En politique intérieure, il s’inspira de la doctrine sociale de l’Église qui, à l’époque, s’efforçait encore activement de trouver une alternative au dualisme capitalisme-communisme. Après des décennies de grandes turbulences, Salazar réussit à redonner de la stabilité au Portugal. Par le biais d’un concordat, il redonna à l’Église l’espace légitime dont elle avait été privée par le régime maçonnique précédent. En tant qu’anticommuniste convaincu, il réprima avec beaucoup d’énergie toute forme d’agitation soviétique afin d’empêcher une évolution comme celle, pour lui dissuasive, que dut subir l’Espagne voisine. Il reconnaissait dans le communisme l’attaque la plus hostile à l’ordre naturel et divin.

Les réalisations de Salazar n’ont bien sûr jamais été reconnues par les cercles éloignés de l’Église et par la gauche politique. Salazar n’était pas un démocrate de manuel, même s’il ne faut pas oublier avec quelle facilité le pays aurait pu être entraîné dans les conflits armés de l’époque et que l’agitation communiste contre le « dictateur Salazar » n’avait pas pour objectif la démocratie, mais l’instauration d’une république soviétique totalitaire.

Après la Seconde Guerre mondiale, l’Union soviétique utilisa la question coloniale comme principal axe de déstabilisation.
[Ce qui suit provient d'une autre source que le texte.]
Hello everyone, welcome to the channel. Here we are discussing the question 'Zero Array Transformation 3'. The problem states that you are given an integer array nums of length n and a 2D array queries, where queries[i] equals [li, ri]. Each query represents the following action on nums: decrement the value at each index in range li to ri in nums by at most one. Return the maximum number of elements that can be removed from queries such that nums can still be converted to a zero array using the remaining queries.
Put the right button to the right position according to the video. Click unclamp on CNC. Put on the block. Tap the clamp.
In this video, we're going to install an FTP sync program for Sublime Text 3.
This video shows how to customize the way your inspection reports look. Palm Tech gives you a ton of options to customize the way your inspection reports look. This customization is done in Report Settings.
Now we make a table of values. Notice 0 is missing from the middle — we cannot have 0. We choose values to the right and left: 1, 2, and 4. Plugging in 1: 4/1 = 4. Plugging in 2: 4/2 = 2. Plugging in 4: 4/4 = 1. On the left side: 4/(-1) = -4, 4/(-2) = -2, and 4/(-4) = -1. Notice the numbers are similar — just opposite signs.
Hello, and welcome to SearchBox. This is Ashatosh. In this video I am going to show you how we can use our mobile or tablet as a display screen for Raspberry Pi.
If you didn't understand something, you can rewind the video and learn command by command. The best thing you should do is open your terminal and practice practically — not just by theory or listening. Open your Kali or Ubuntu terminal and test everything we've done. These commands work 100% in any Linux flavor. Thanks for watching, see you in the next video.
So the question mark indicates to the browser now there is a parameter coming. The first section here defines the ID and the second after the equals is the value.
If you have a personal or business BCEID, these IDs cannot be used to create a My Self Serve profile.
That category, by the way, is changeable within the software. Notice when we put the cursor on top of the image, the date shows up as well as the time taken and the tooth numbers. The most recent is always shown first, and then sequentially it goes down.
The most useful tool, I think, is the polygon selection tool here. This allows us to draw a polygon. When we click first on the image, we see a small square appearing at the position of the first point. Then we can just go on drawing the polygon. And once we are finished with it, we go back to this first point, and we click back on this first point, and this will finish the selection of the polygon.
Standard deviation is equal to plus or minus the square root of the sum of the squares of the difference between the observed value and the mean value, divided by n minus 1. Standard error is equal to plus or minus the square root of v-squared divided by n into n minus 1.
Le Portugal contrôlait alors encore l’Angola, le Mozambique et la Guinée-Bissau en Afrique, ainsi que des territoires plus petits comme les îles du Cap-Vert, São Tomé et Príncipe, Goa, Macao et le Timor oriental. Salazar voulait s’accrocher à ces possessions coloniales, ce qui est aujourd’hui considéré comme sa plus grande erreur. Dans la nouvelle situation d’après-guerre, Salazar fit du Portugal un membre fondateur de l’OTAN et voyait dans le maintien des colonies une mission géopolitique visant à repousser l’avancée communiste.

Après une hémorragie cérébrale en 1968, il n’était plus en mesure d’agir et mourut en 1970. L’Estado Novo ne lui survécut que jusqu’en 1974, date à laquelle il fut renversé par la ce qu’on appelle la révolution des œillets. Cette conjoncture des années 70, alors que le triomphe du socialisme semblait inéluctable, a fait que même le Parti populaire conservateur-bourgeois portugais se qualifie encore aujourd’hui de « social-démocrate ».

Le monument

Le timbre conçu par l’artiste italien Stefano Morri et émis par le Vatican représente le pape François, suivi de jeunes portant un drapeau portugais et se tenant sur une plate-forme.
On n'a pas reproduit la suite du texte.